YOUR INSTRUCTIONS: Needed from the data below: every line from the one with "the jersey design is blue and black" up to and including the one with "Seamaster Planet Ocean", repeated exactly and with nothing else.

DATA:
▶
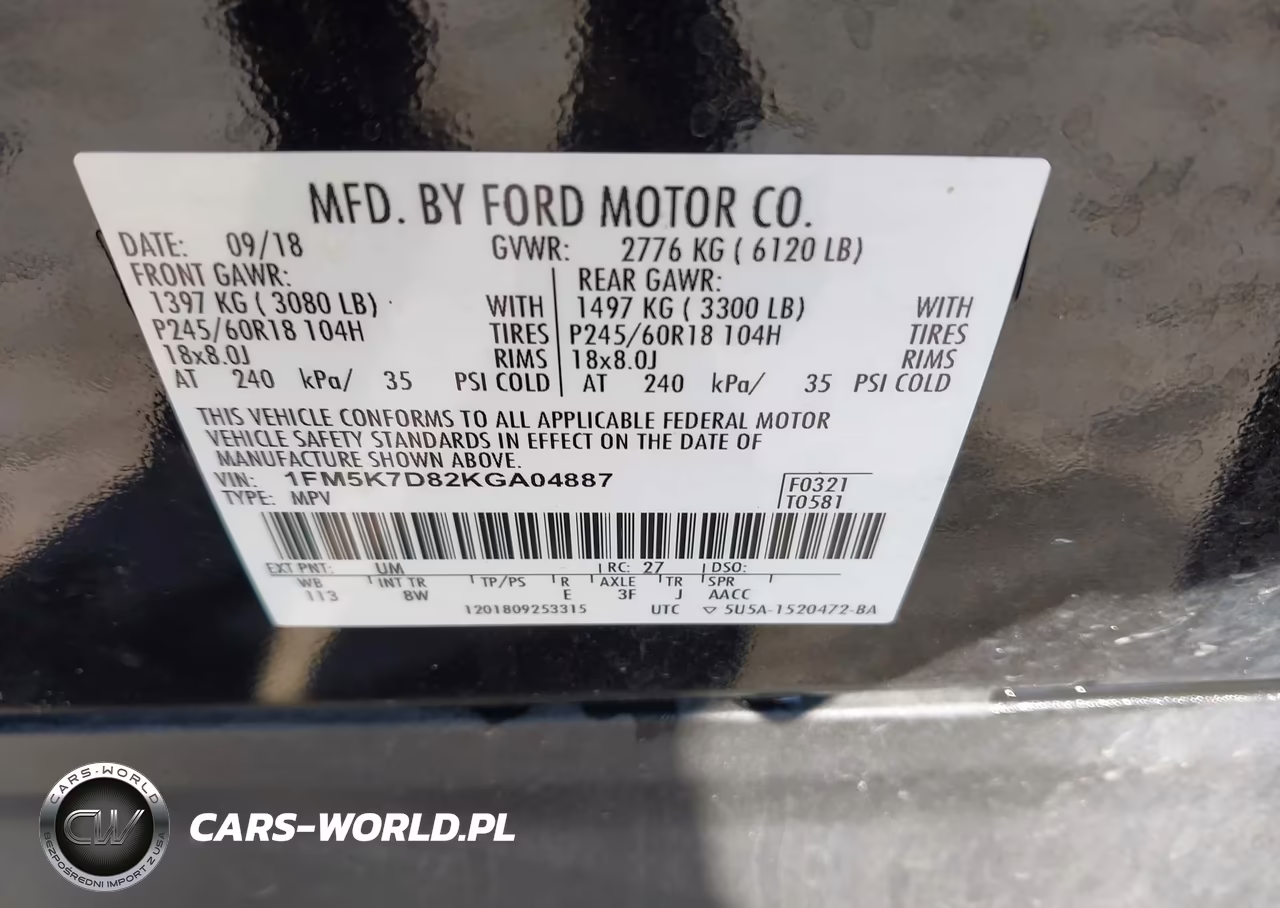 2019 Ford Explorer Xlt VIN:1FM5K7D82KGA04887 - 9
◀
▶
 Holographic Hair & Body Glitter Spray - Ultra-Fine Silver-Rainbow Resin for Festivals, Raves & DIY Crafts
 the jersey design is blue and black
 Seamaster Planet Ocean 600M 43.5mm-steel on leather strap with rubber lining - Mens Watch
◀
ANSWER TO THIS PROBLEM:
 the jersey design is blue and black
 Seamaster Planet Ocean 600M 43.5mm-steel on leather strap with rubber lining - Mens Watch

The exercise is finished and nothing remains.